10 days. Maryland law (Md. Real Prop. § 8 (Landlord and Tenant)) sets a 10-day pay-or-quit notice before any unlawful-detainer filing. If the tenant pays in full inside the cure window, the notice is satisfied and the landlord cannot proceed on that delinquency.

Q2

What's the security deposit cap in Milford Mill?

2.00 months of rent under Maryland statute. Return is due within 45 days of move-out with an itemized deduction statement. Late or unitemized returns typically expose the landlord to statutory damages, often double the deposit plus the tenant's attorney fees.

Q3

Does Milford Mill require just-cause to end a tenancy?

Not at the state level. Maryland doesn't impose statewide just-cause. Some Maryland cities and counties do, though, so check Milford Mill's local ordinances before drafting a no-cause notice.

Q4

Do I have to accept Section 8 vouchers in Milford Mill?

Yes. Maryland protects source of income statewide, so refusing Section 8 or other lawful income sources is illegal. You can still apply your standard income-multiple and credit/eviction-history screening, but the income source itself can't be a basis for denial.

Q5

What does an eviction cost in Milford Mill?

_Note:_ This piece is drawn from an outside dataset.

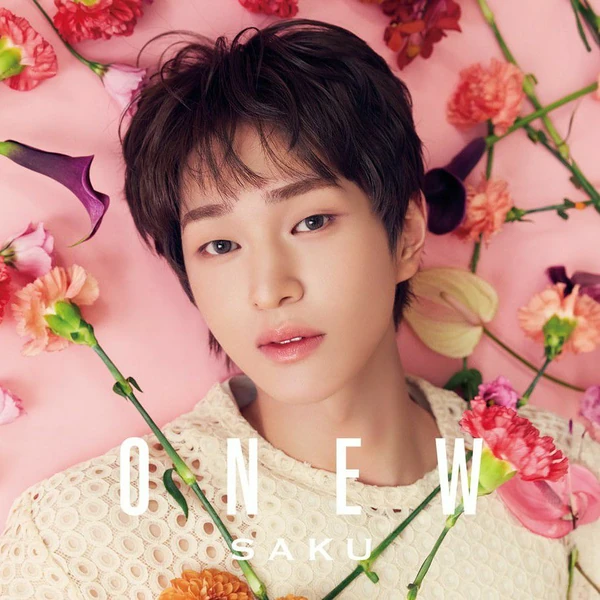 Top Photo Full of Onew (SHINee) Love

Typical all-in: $5,881 to $16,850, covering filing, service, attorney representation, sheriff or constable lockout, and lost rent during the case. Cash-for-keys at $1,000-$3,000 routinely outperforms full-process economics when the tenant will negotiate.

Q6

How long does eviction take in Milford Mill?

Uncontested cases run 30-45 days from notice service to physical lockout. Contested cases, usually involving habitability counterclaims, retaliation defenses, or notice-defect attacks, extend by 60-180 days.

Q7

Can I lock out a tenant in Milford Mill without going to court?

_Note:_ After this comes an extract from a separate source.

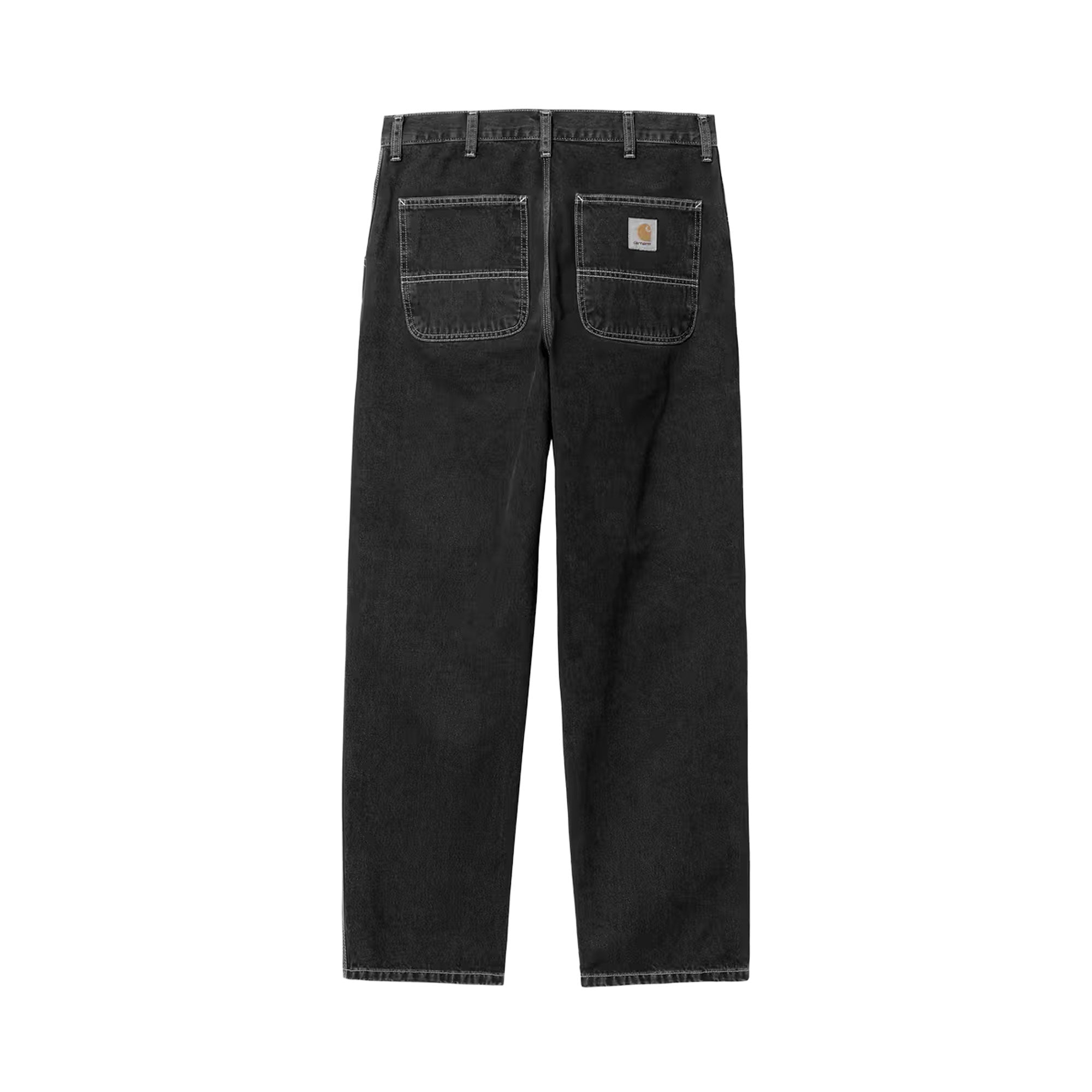 CARHARTT WIP - Simple Pant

No. Self-help eviction, changing locks, shutting off utilities, removing belongings, is illegal in Maryland and every other state. Statutory damages typically run $1,000-$10,000 per incident plus the tenant's attorney fees. The fact that the tenant hasn't paid in months does not change this; you still go through court.

For deeper Maryland-specific guidance, see the Maryland eviction process step-by-step, the Maryland eviction cost guide, Maryland security deposit rules, and Maryland tenant protections. For surrounding markets, see the Baltimore city landlord overview. The methodology behind the 7.7/10 score is documented at the scoring methodology page.

06Score

What this score means for landlords2

A 8.5/10 places Milford Mill in the 100th percentile of Maryland cities on the Eviction Risk Score index. The score is the average of the nine sub-axes, all calibrated on a national 1 to 10 scale where 1 is most landlord-friendly and 10 is most tenant-protective. The 50-year reconstruction shows this score has risen sharply since 1976, a structural drift driven by court-calendar growth, rent-control adoption, and the rise of tenant-side legal aid. The trajectory matters more than the snapshot: the score is the climate, not the weather.